Yields range from 2.79% with a 4% coupon in 2011 to 5.80% with a 5.75% coupon in the smaller $25 million 2034 maturity. Bonds maturing in 2010, the larger $66.6 million 2034 maturity, and bonds maturing in 2039 were not formally re-offered. The bonds are callable at par in 2019, except for the $25 million of 2034 bonds, which are callable at par in 2014. The credit is rated Aa3 by Moody's, A-plus by Standard & Poor's, and AA-minus by Fitch.
Also, JPMorgan priced $157 million of health system revenue bonds for Pennsylvania's Geisinger Authority. The bonds mature in 2020, 2021, 2034, and 2039, with yields ranging from 4.19% with a 4% coupon in 2020 to 5.30% with a 5.25% coupon in 2039. The bonds, which are callable at par in 2019, are rated Aa2 by Moody's and AA by Standard & Poor's.
In a weekly report, George Friedlander, managing director and fixed-income strategist at Citi, wrote that a key factor in the continued firmness that has persisted in the municipal market the past few weeks is "the ongoing incursion of taxable Build America Bonds into muni market issuance."
"The spread in yield on BABs over Treasury benchmarks has continued to tighten in, although not to the degree seen on the first few deals, which came at wide spreads and then rallied powerfully when freed to trade in the secondary market," he wrote. "As a consequence, yield savings to issuers on longer-term BAB issues continue to be in the 80 to 100 basis point range, before the value of the optional call is considered. Even with the value of that call at roughly 30 to 35 basis points or so, that means that issuers are still seeing savings of 50 to 70 basis points over traditional tax-exempt offerings.

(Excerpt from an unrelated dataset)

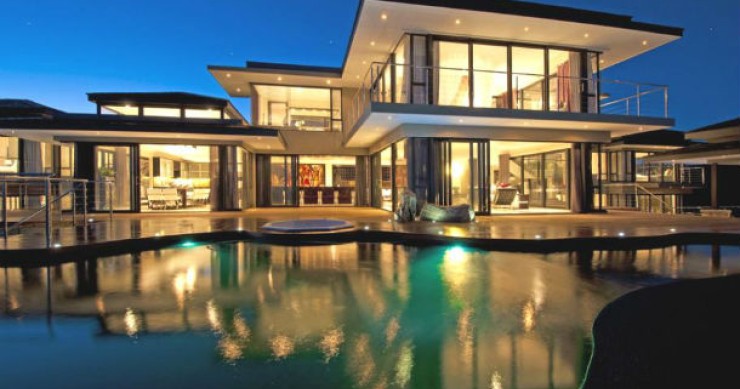 A casa está localizada na cidade de Knysna. Casas de sonho: Mergulhar numa piscina circular na África do Sul (fotos)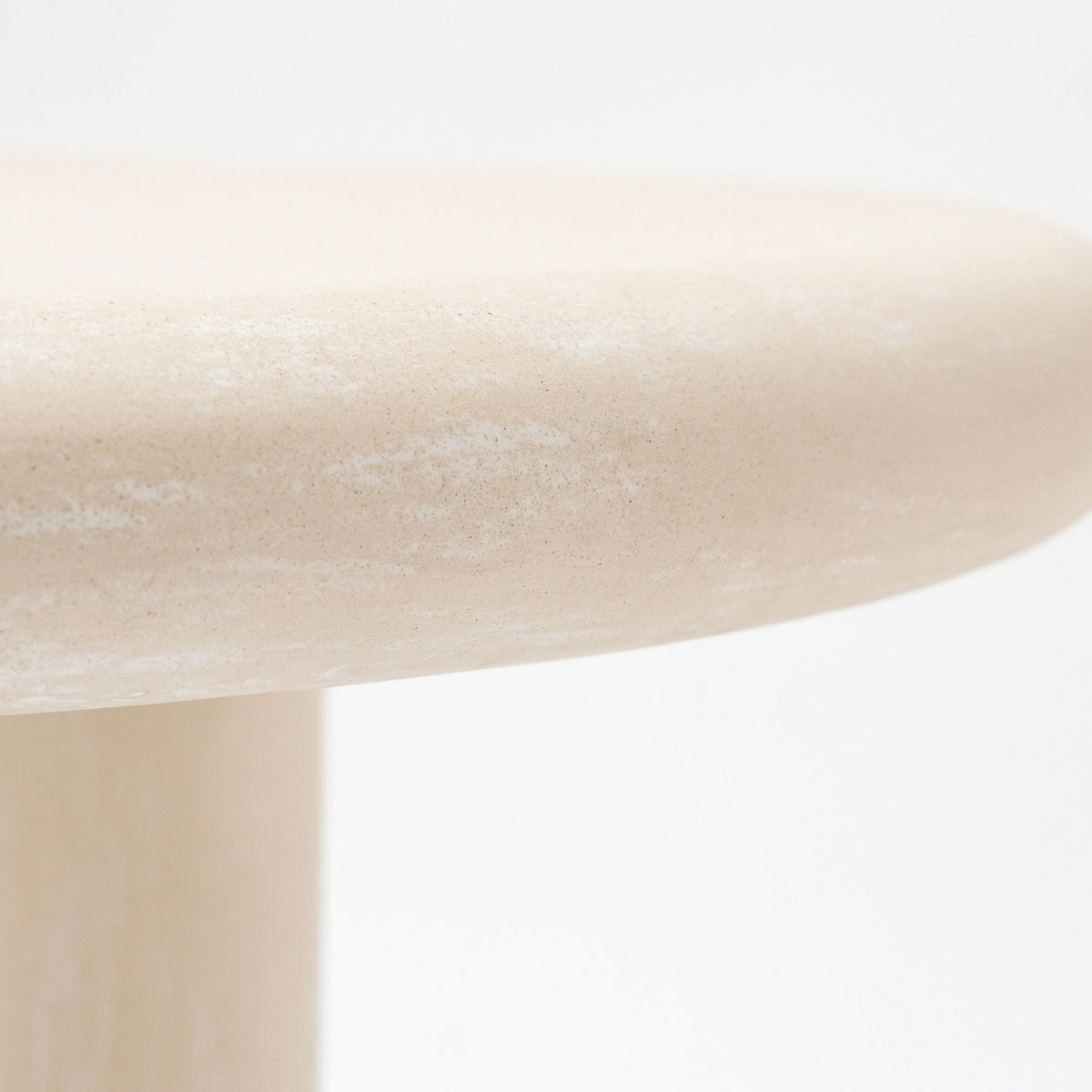 Kaolin Dining Table - Round Dining Tables Loom Collection Loom Collection Dubai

"A handful of deals have even come to market with more traditional call features, although the savings appear to be far less in these cases," Friedlander said. "Quite simply, investors in taxable bonds continue to pay the most for munis that conform to the conventions that give them the greatest potential for performance relative to their taxable yield benchmarks: a make-whole call but no optional call, and bullet maturity issuance as opposed to smaller, less liquid serials. Nevertheless, more issuers appear to be willing or able to structure a portion of their financing program to conform to these conventions, pulling a substantial proportion of the long-term market into BAB territory, away from traditional munis."
Matt Fabian, managing director at Municipal Market Advisors, wrote in a weekly report that "municipal bonds retained a generally positive tone last week as another huge influx of money to the mutual funds met a relatively thin new issue calendar."
"As a result, secondary liquidity and trading were strong, and credit spreads, at least initially, tightened as some new buyers began to stretch for yield," he wrote. "Some larger sellers were able to move blocks of bonds fairly easily, yet selling appeared to be more opportunistic as opposed to system-wide profit taking."
The economic calendar was light yesterday.